What is an organic wine?


An organic wine is a wine produced using viticulture and vinification techniques free from synthetic chemicals. Before 2012, only the inputs (oenological products) used in viticulture, i.e. in the production of grapes, were taken into account when awarding the "Organic Agriculture" label. This excluded the use of synthetic fertilisers, pesticides and GMOs. There were no rules governing the winemaking phase.

Since 2012, the European specifications regulating “wine from organic viticulture” also take into account the field of winemaking. The 2012 legislation limited the use of usable raw materials and additives. Winemaking is therefore considered an integral part of the profession of organic winemaker. As proof, in 2019, 74% of the volumes of organic wine placed on the market were vinified by the winegrowers themselves according to the Organic Agency (Agence Bio in France).

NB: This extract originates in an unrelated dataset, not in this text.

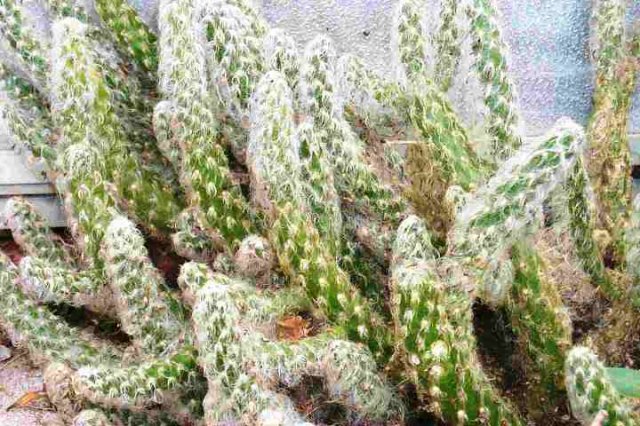 Opuntia_vestita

These specifications, scrupulously followed by winegrowers, are now the same at French and European levels, making the identification of organic wines by consumers transparent.


Identifying them

Logos français de l’agriculture biologique et logo bio europeen (Eurofeuille)

Looking to buy an organic wine? Look out for the French AB (Agriculture Biologique) logo or the Euroleaf, the European organic logo, on bottle labels. These logos can only be used by winegrowers who have obtained certification after a three-year conversion period and regular checks. According to the Agence Bio (Organic Agency)/CSA 2018 barometer, 97% of French people now recognise the AB logo, which is a showcase for the dynamic development, promotion and structuring of French organic farming. Certification bodies issue authorisations for use on labels (AB certification mark) on behalf of the Ministry of Agriculture.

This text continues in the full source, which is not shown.